Buscas e apreensões domiciliares sem mandato, prisões sem fundamento, revistas vexatórias, condenações com base apenas na palavra de policiais e execuções provisórias de pena, fazem parte da rotina daqueles que não integram o seleto rol dos afetados pela Lava Jato. Não se observa nesse segmento, o alivio com
a moderação dos Tribunais e a limitação ao abuso das autoridades, mas apenas a cotidiana preocupação com balas perdidas e violência desmedida.
Há quem diga que o arbítrio nesse contexto é justificado, dada a gravidade dos crimes praticados, em regra relacionados ao crime organizado, e que o comedimento exigido para delitos sem violência, como corrupção ou carteis, não se aplica ao tráfico de drogas e roubos que afligem a população.

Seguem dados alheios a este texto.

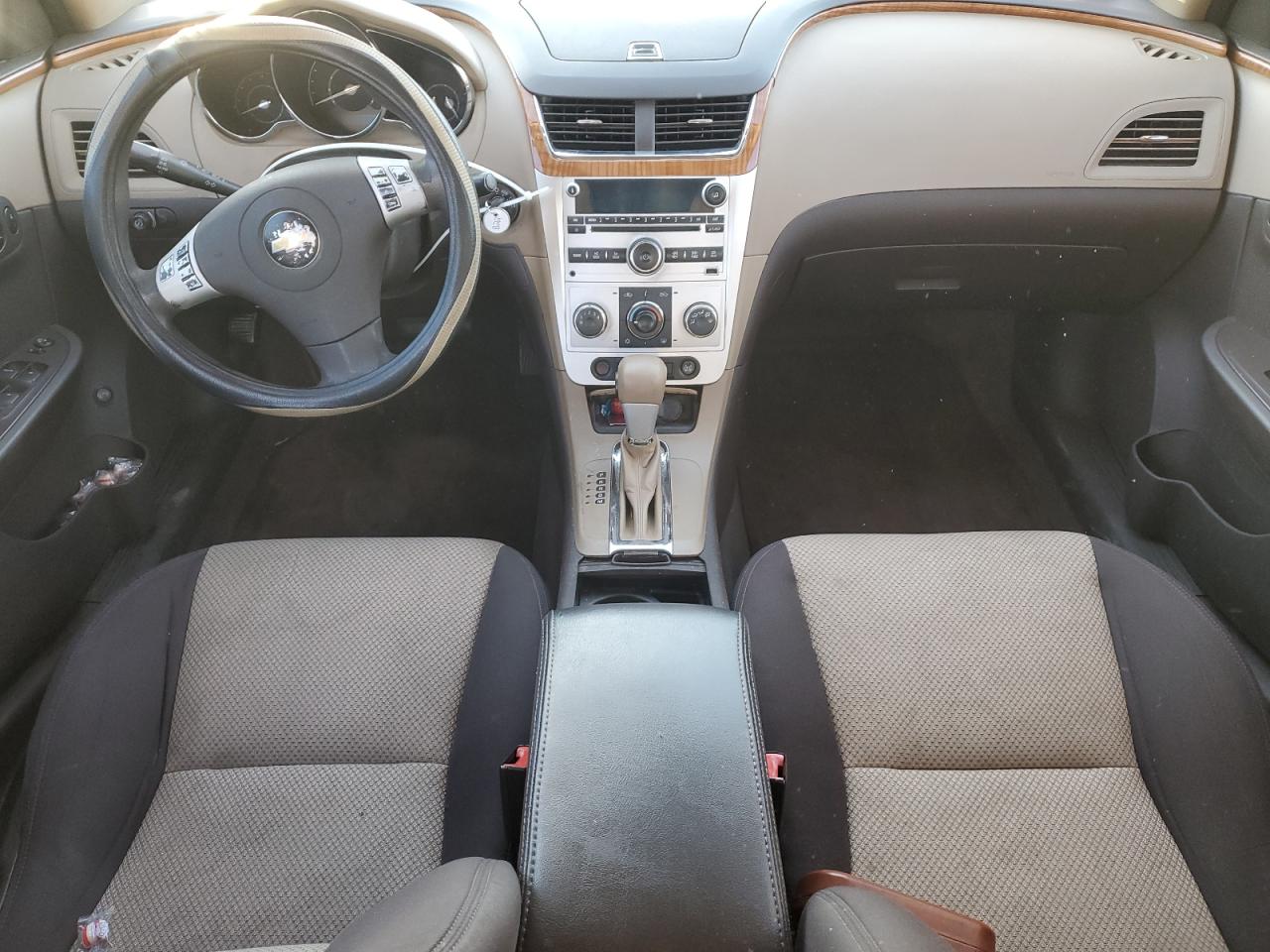 2011 Chevrolet Malibu - Image 8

Ocorre que, gostemos ou não, há algo chamado legalidade. É um princípio que submete o Estado e seus agentes ao império da lei, às regras criadas e estabelecidas por um processo democrático. Vale para todos, independente da classe social e do crime cometido. Se a norma exige ordem judicial para entrar em domicílios, vale para ricos e pobres, acusados de roubo ou de crimes de licitação. Se a Constituição estabelece a presunção de inocência, inadmissível a pena sem condenação definitiva, independente da classe social ou da repercussão midiática do delito.
O grau de civilidade de um povo está atrelado ao respeito à lei. Enquanto repudiarmos ilegalidades contra os altos escalões e fecharmos os olhos para o arbítrio cotidiano sobre as camadas mais pobres da população, seguiremos cumplices de um Estado de exceção, que voltará a tomar gosto pelo arbítrio e aguardará na esquina aqueles que aplaudem, ostensiva ou timidamente, seus abusos.